Task prompt - Transcribe the data exactly, omitting whatever pictures it holds.

Recorded data -
▼▼▼

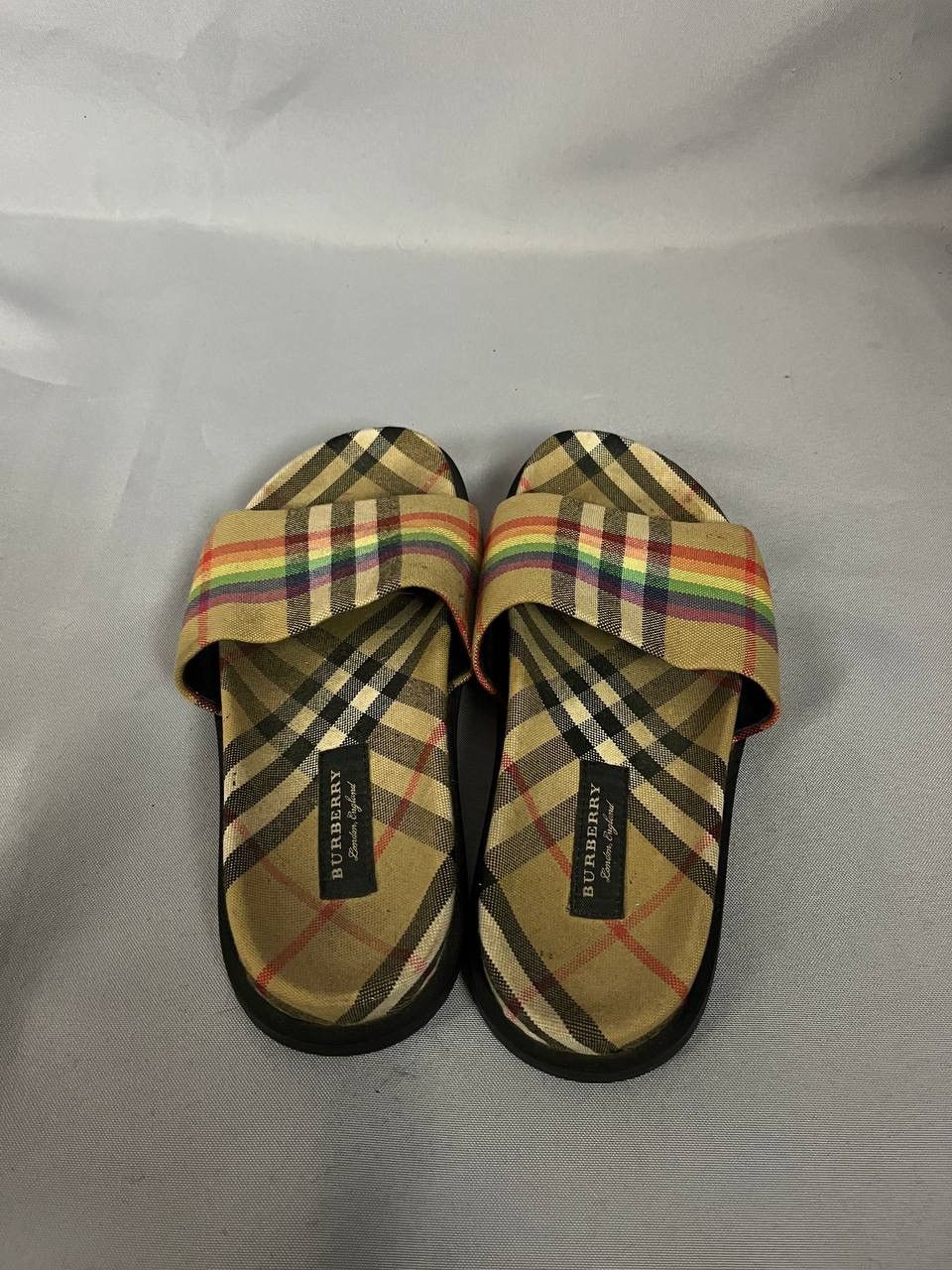 Burberry Burberry Slide Sandals Nova Check Size US 6 / IT 36 - 8 Thumbnail
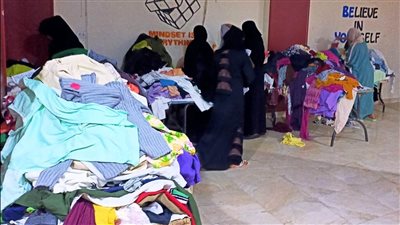 توزيع 3 آلاف قطعة ملابس جديدة لأهالى أسوان بمناسبة عيد الأضحى 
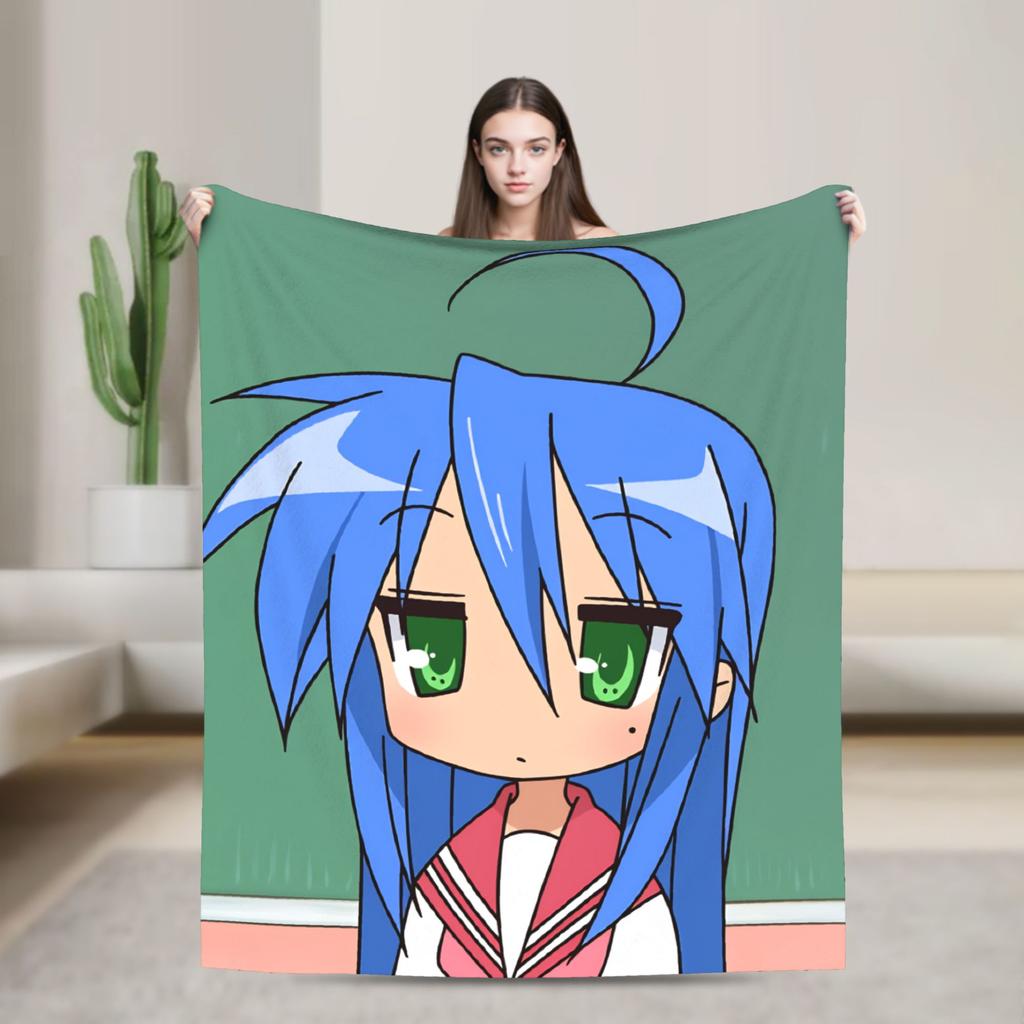 Konata izumi L-Lucky S-Star Blanket Warm Novelty Plush Bedding Throws For Child Couch Bed Flannel Bedspread Bed Cover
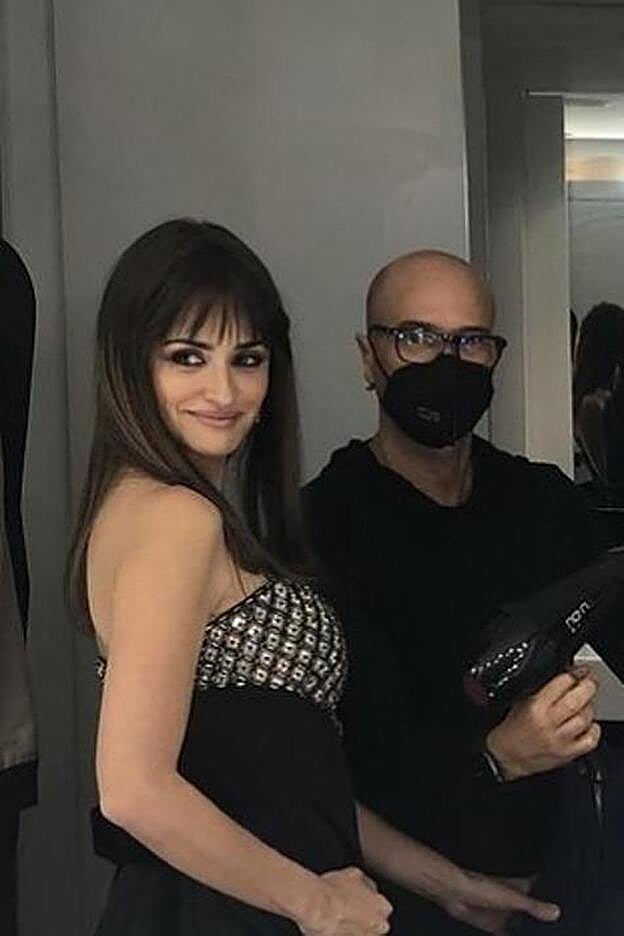 Penélope CRuz no ha posado en la alfombra roja de los Premios Goya 2021.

▲▲▲

Output -
 Burberry Burberry Slide Sandals Nova Check Size US 6 / IT 36 - 8 Thumbnail
 توزيع 3 آلاف قطعة ملابس جديدة لأهالى أسوان بمناسبة عيد الأضحى 
 Konata izumi L-Lucky S-Star Blanket Warm Novelty Plush Bedding Throws For Child Couch Bed Flannel Bedspread Bed Cover
 Penélope CRuz no ha posado en la alfombra roja de los Premios Goya 2021.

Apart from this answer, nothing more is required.